*** GIVEN INFORMATION Section Begins ***
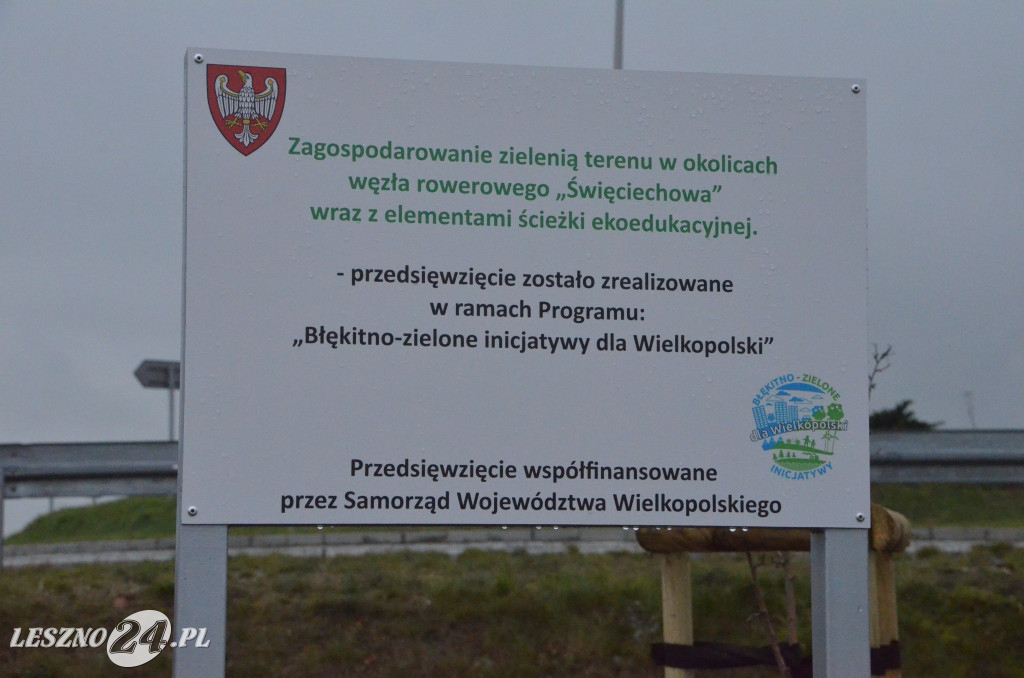 Więcej drzew na węźle rowerowym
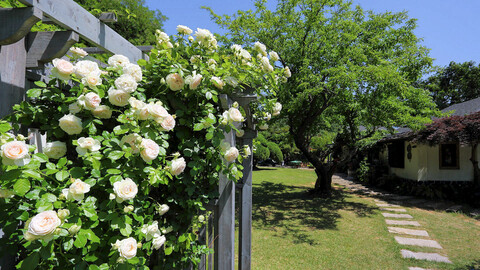 김포 마리의정원펜션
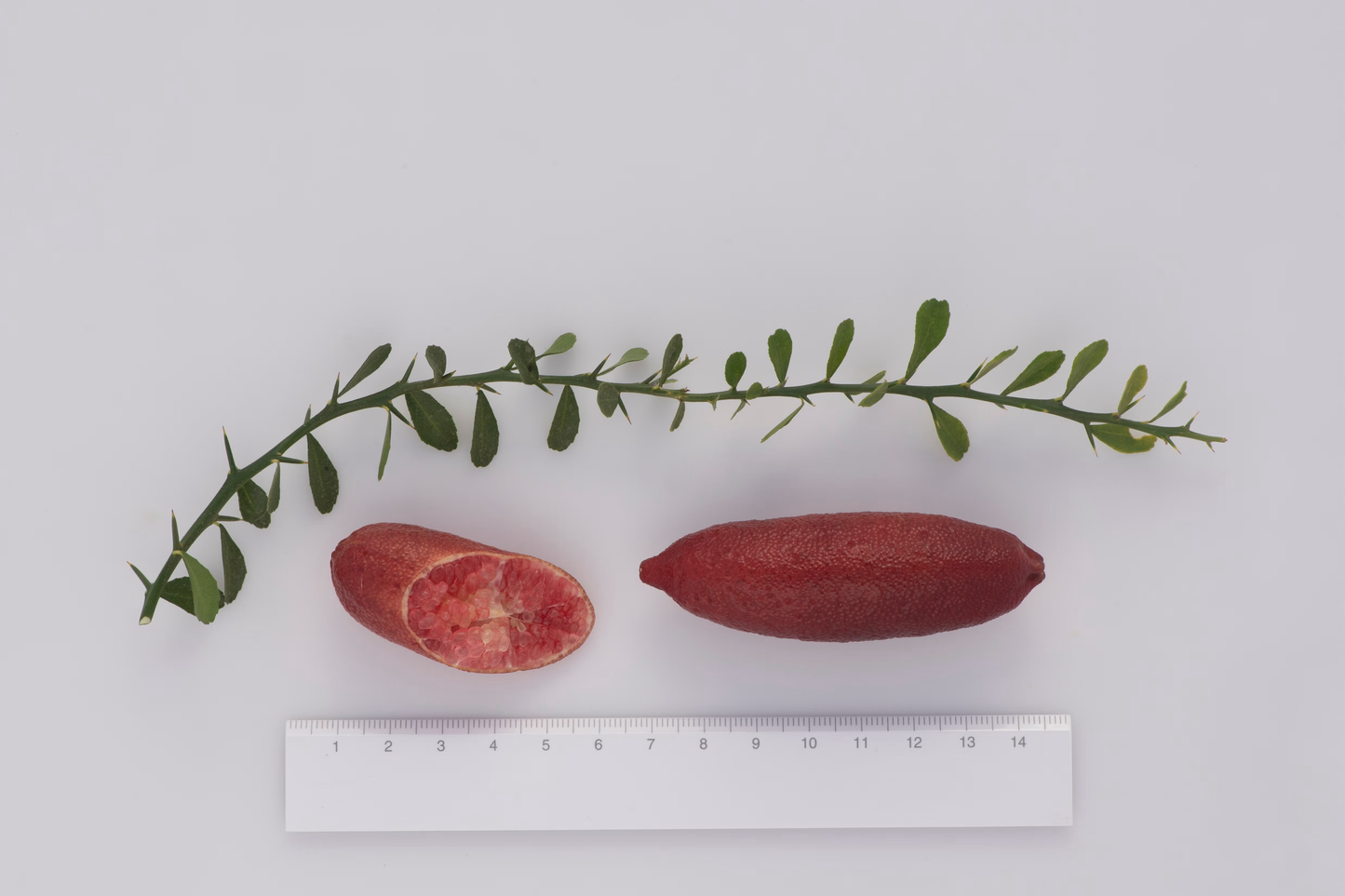 Pink Sunset Australian Finger Lime Budwood citrus plant material online shopping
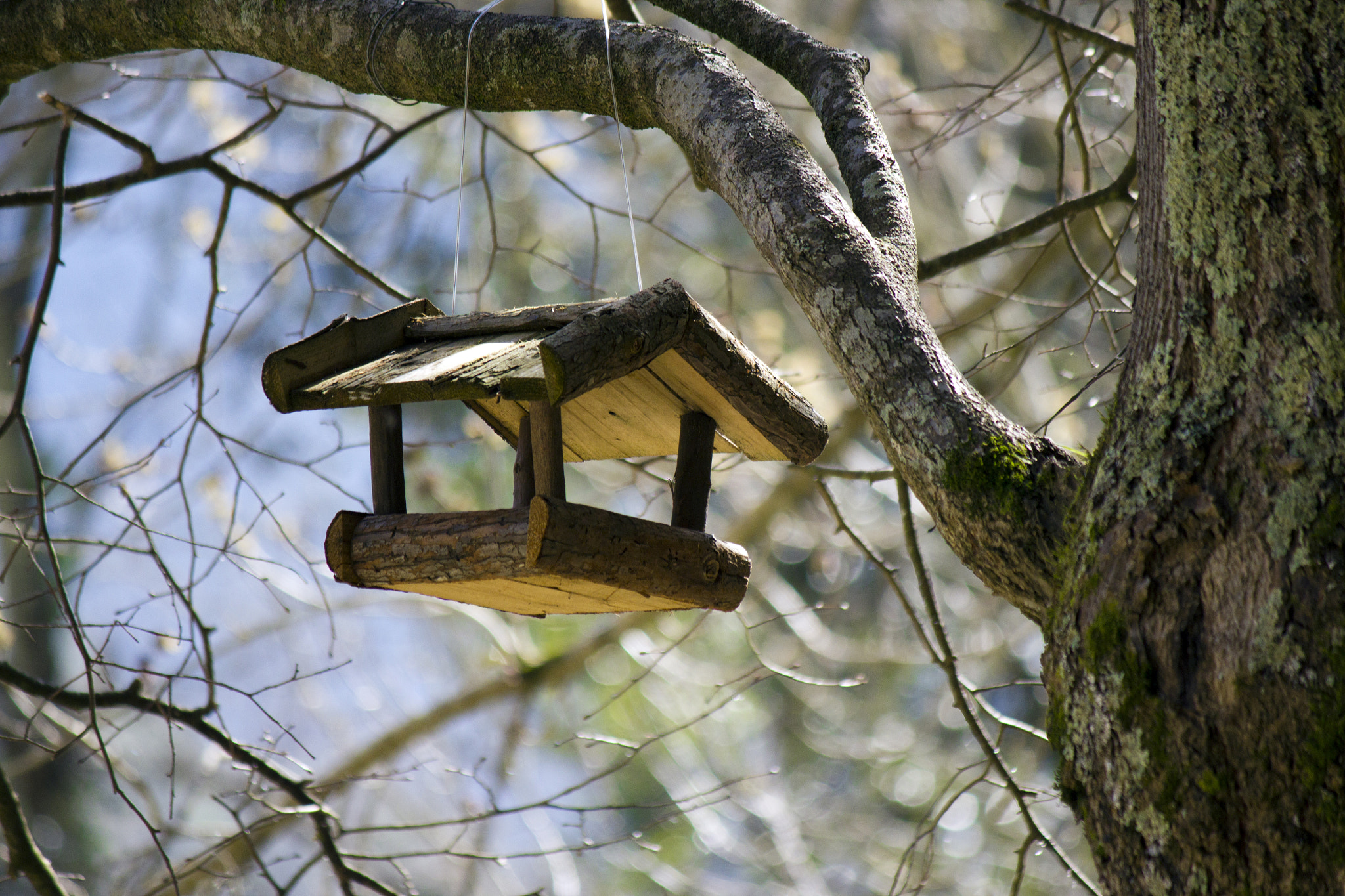 Canon EF-S 55-250mm F4-5.6 IS sample photo. Sant aniol photography
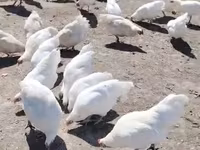 Avstraliya Pit Game quşu — foto 2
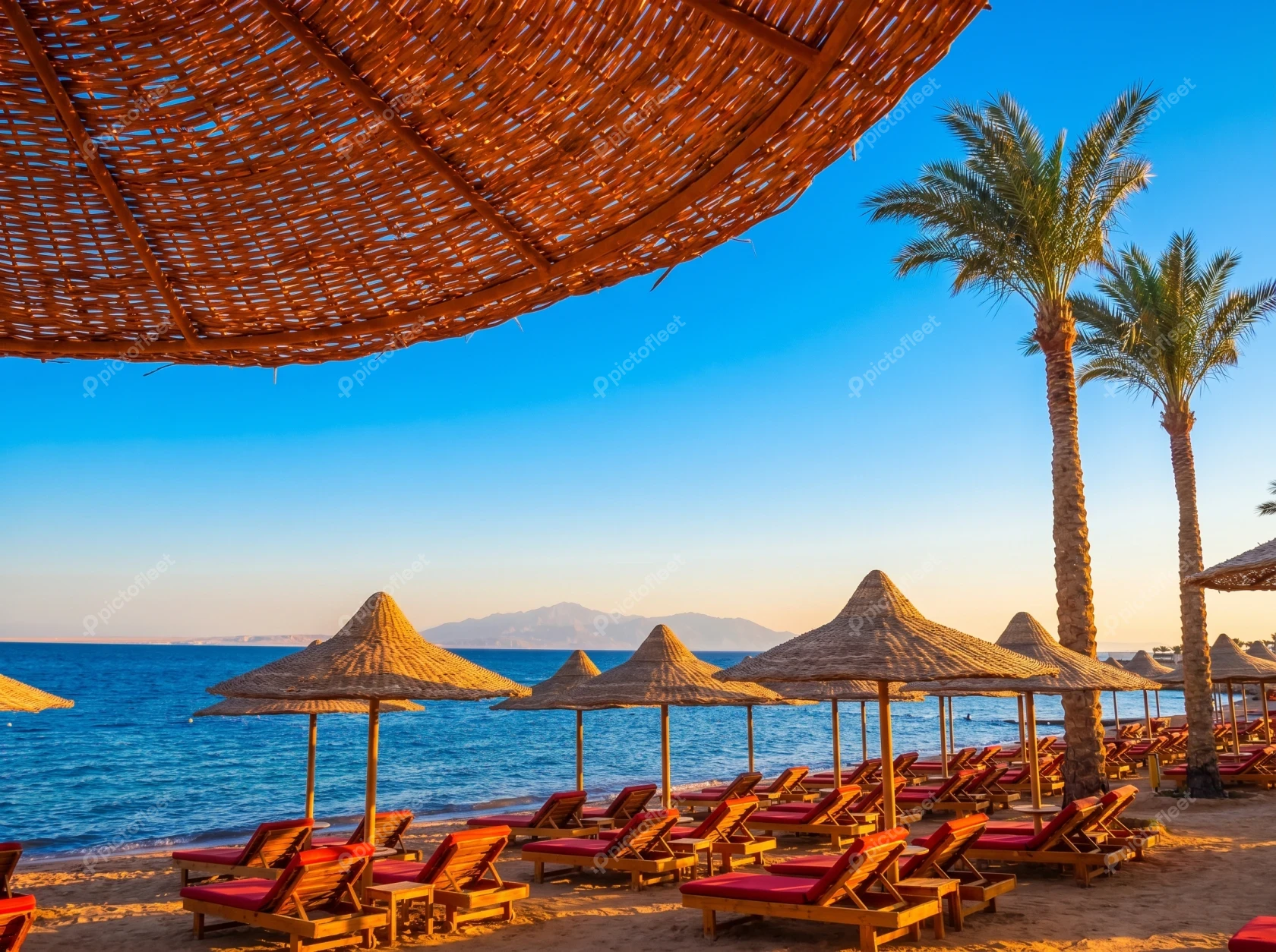 Tropical beach resort with straw umbrellas and palm trees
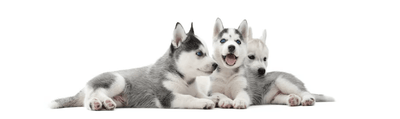 ¡Primer cachorro en casa! ¿Qué debo hacer ahora? - Instinct México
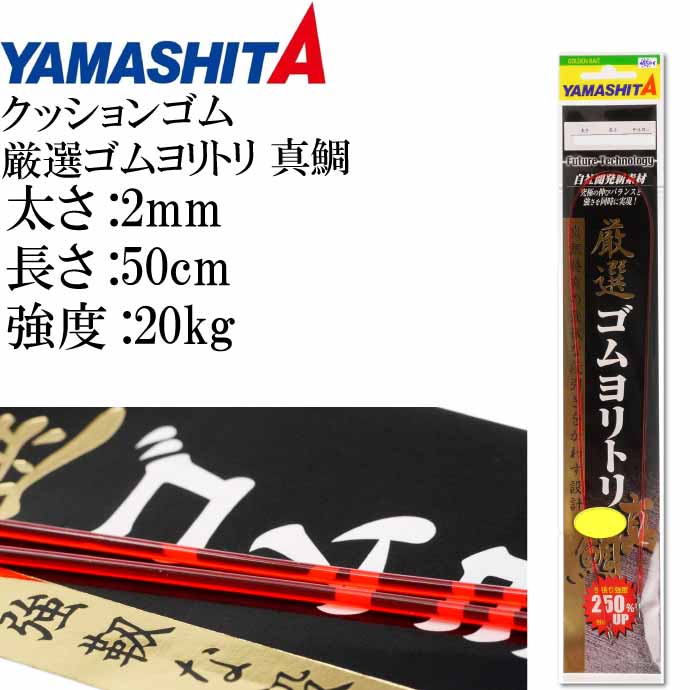 楽天市場】クッションゴム 厳選ゴムヨリトリ 真鯛 2mm 長1m 強度20kg 適合ハリス10号 357-066 YAMASHITA ヤマシタ ヤマリア  釣り具 Ks176 : ASE WORLD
*** GIVEN INFORMATION Section Ends ***
== HOW TO COMPLETE THIS TASK ==
A word-for-word copy is needed of the lines from the line holding "Canon EF-S 55-250mm" through the end of the records, both included, excluding every picture.

== THE ANSWER ==
 Canon EF-S 55-250mm F4-5.6 IS sample photo. Sant aniol photography
 Avstraliya Pit Game quşu — foto 2
 Tropical beach resort with straw umbrellas and palm trees
 ¡Primer cachorro en casa! ¿Qué debo hacer ahora? - Instinct México
 楽天市場】クッションゴム 厳選ゴムヨリトリ 真鯛 2mm 長1m 強度20kg 適合ハリス10号 357-066 YAMASHITA ヤマシタ ヤマリア  釣り具 Ks176 : ASE WORLD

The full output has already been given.